* _The records_:
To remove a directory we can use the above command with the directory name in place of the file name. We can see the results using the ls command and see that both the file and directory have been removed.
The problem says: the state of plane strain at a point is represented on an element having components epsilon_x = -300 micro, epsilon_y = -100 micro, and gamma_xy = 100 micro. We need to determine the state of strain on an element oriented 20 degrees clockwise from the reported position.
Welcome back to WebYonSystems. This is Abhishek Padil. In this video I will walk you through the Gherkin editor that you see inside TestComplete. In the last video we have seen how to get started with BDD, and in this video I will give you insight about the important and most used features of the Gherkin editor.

* * *

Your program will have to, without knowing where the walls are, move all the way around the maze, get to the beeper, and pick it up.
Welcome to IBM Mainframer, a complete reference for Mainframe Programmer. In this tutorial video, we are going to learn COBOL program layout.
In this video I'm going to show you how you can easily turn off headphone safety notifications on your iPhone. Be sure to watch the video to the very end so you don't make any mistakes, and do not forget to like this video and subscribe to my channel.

* _Problem to solve_: A single number is required: how many lines in these records contain "this".

* _Exercise output_: 3